_YOUR ASSIGNMENT_
In the data that follows, find the line with "Inscriptions of tamil"; transcribe it, every later line up to the one with "Tokelau Fahne gegen", and that line as well, exactly and with no others.

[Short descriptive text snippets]
- Opening Delimiter -
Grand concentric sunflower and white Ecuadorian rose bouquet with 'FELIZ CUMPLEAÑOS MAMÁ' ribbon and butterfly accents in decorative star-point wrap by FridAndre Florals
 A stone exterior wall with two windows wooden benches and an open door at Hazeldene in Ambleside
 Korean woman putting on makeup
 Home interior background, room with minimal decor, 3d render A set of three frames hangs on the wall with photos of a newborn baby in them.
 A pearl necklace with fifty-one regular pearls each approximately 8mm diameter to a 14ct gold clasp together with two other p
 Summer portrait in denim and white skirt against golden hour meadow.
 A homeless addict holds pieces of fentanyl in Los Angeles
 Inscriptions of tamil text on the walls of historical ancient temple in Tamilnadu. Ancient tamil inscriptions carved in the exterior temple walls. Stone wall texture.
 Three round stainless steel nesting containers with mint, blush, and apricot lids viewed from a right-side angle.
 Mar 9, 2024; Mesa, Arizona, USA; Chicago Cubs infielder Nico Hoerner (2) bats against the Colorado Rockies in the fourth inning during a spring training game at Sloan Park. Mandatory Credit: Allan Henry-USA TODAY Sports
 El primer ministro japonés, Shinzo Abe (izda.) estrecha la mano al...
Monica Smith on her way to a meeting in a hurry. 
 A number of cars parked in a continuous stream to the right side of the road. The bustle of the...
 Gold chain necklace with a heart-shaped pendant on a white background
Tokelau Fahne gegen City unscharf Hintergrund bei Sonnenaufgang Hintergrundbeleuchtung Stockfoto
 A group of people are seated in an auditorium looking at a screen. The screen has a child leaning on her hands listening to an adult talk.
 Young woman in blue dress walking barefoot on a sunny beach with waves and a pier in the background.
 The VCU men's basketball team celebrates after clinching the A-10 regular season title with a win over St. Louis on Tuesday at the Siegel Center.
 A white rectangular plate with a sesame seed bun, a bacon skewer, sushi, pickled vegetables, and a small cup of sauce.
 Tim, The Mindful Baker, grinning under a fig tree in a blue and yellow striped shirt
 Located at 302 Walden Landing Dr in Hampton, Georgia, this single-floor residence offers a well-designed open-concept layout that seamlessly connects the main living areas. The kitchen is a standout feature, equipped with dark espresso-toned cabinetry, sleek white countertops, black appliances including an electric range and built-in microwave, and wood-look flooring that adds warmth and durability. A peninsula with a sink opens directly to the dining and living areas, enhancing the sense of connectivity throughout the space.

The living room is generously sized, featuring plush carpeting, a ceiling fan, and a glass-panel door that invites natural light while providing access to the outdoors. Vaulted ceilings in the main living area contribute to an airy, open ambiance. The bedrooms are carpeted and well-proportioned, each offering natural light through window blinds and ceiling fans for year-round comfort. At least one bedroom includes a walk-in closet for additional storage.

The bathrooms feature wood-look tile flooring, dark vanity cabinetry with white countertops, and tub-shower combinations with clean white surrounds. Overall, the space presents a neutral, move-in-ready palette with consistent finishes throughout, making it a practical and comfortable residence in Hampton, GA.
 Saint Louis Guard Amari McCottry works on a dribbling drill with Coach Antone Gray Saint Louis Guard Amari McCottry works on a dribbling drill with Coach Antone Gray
- Closing Delimiter -
_RESPONSE BOX_
 Inscriptions of tamil text on the walls of historical ancient temple in Tamilnadu. Ancient tamil inscriptions carved in the exterior temple walls. Stone wall texture.
 Three round stainless steel nesting containers with mint, blush, and apricot lids viewed from a right-side angle.
 Mar 9, 2024; Mesa, Arizona, USA; Chicago Cubs infielder Nico Hoerner (2) bats against the Colorado Rockies in the fourth inning during a spring training game at Sloan Park. Mandatory Credit: Allan Henry-USA TODAY Sports
 El primer ministro japonés, Shinzo Abe (izda.) estrecha la mano al...
Monica Smith on her way to a meeting in a hurry. 
 A number of cars parked in a continuous stream to the right side of the road. The bustle of the...
 Gold chain necklace with a heart-shaped pendant on a white background
Tokelau Fahne gegen City unscharf Hintergrund bei Sonnenaufgang Hintergrundbeleuchtung Stockfoto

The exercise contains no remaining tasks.